(Beginning of Supplied data)

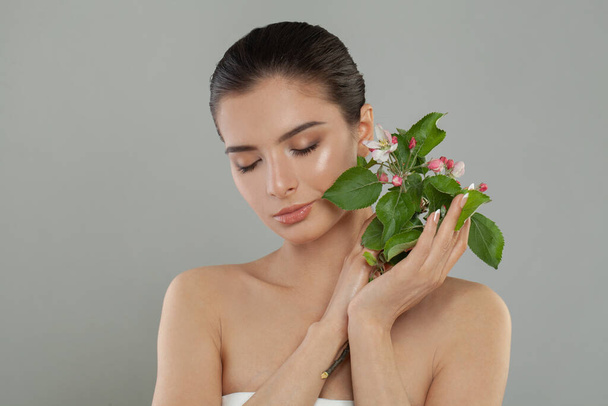 Portret van schattige schoonheid vrouwelijke vrouw volwassen met schone zuivere huid met roze bloem nemen spa ontspannen. Schoonheidsverzorging van de huid concept. Lichaamsdeel kale schouder - Foto, afbeelding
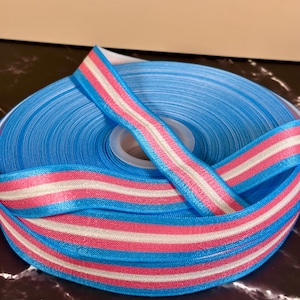 May include: A roll of blue, pink and white striped ribbon. The ribbon is satin and has a subtle sheen.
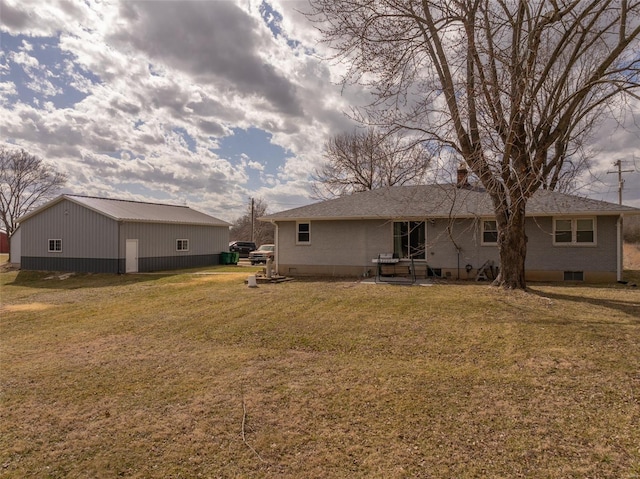 rear view of property featuring a yard and an outbuilding
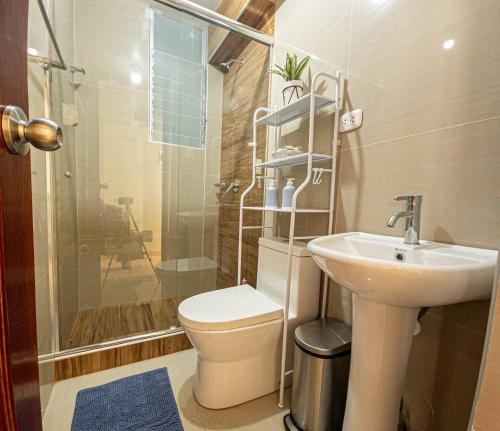 a bathroom with a toilet and a sink and a shower at Varvel residence in Cusco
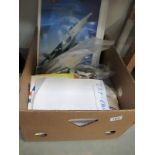 A box of RAF ephemera inc. calendars, cloth badges, magazines, booklets etc.
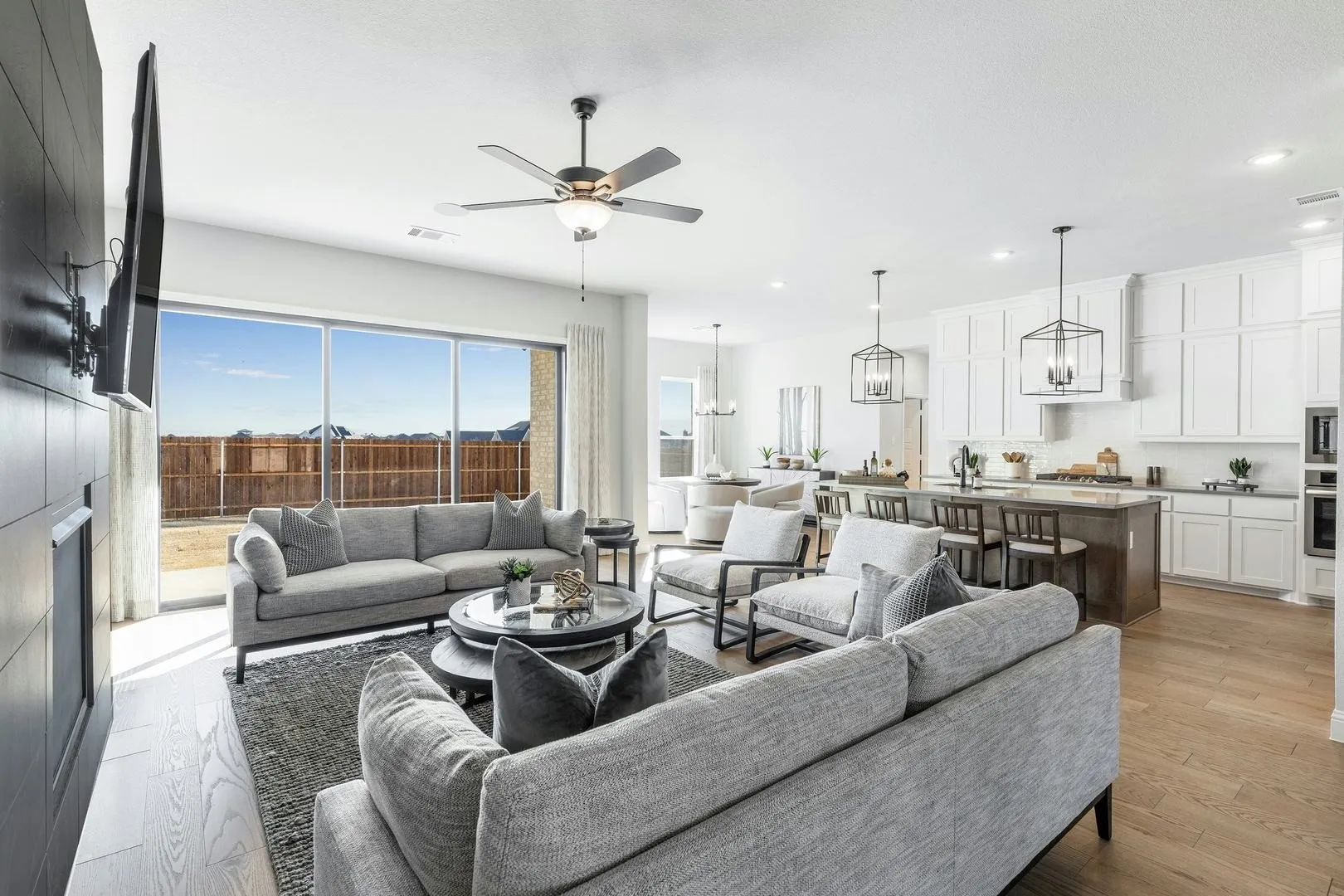 Living room and kitchen of Kentsdale Farms home in DeSoto, TX by Kindred Homes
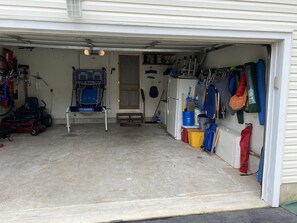 Garage loaded with chairs, umbrellas and bikes.  There's even a basketball game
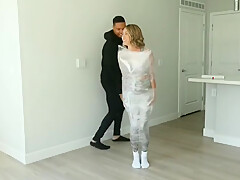 Gym Girl Mummified In Saran Wrap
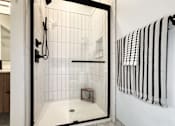 Thumbnail 18 of 29 - A white tiled bathroom with a walk in shower.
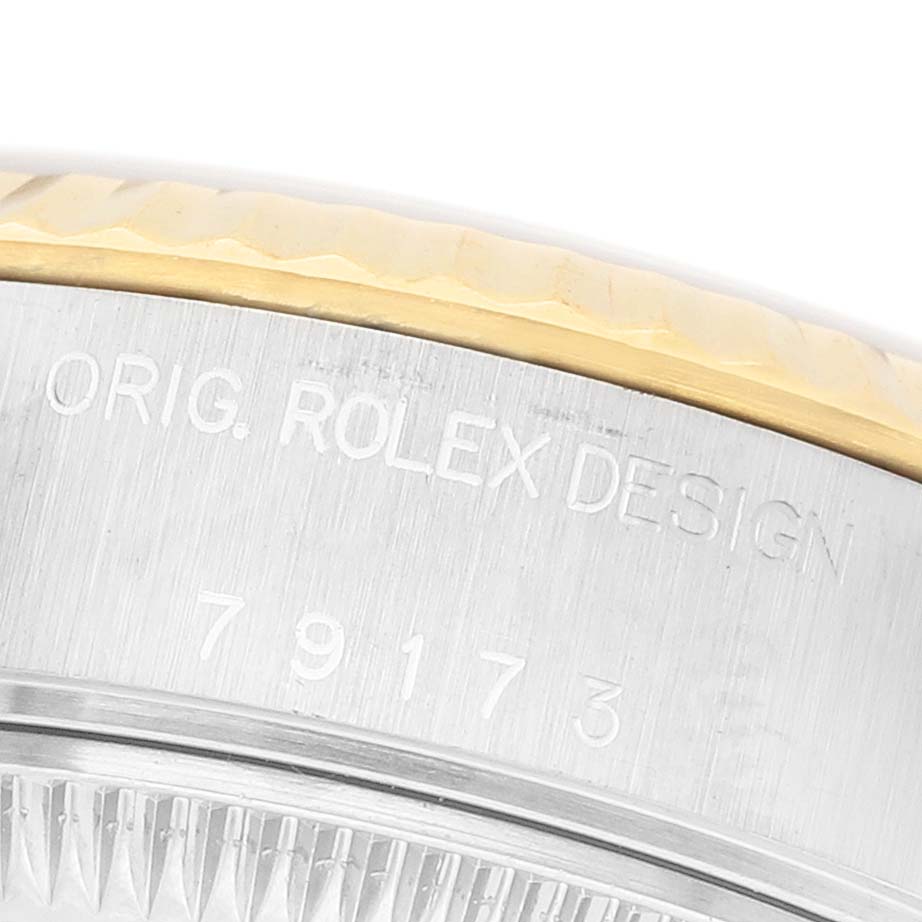 The image shows a close-up of the side of the Rolex Datejust 79173 Women's Steel and Gold (two tone) White Dial, displaying the model number and "ORIG. ROLEX DESIGN" engraving.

(End of Supplied data)

Exercise directions ▸ Starting from the first line of the entries above, print each line exactly until the line containing "A box of RAF" has been printed, and skip the pictures.

The answer ▸
 Portret van schattige schoonheid vrouwelijke vrouw volwassen met schone zuivere huid met roze bloem nemen spa ontspannen. Schoonheidsverzorging van de huid concept. Lichaamsdeel kale schouder - Foto, afbeelding
 May include: A roll of blue, pink and white striped ribbon. The ribbon is satin and has a subtle sheen.
 rear view of property featuring a yard and an outbuilding
 a bathroom with a toilet and a sink and a shower at Varvel residence in Cusco
 A box of RAF ephemera inc. calendars, cloth badges, magazines, booklets etc.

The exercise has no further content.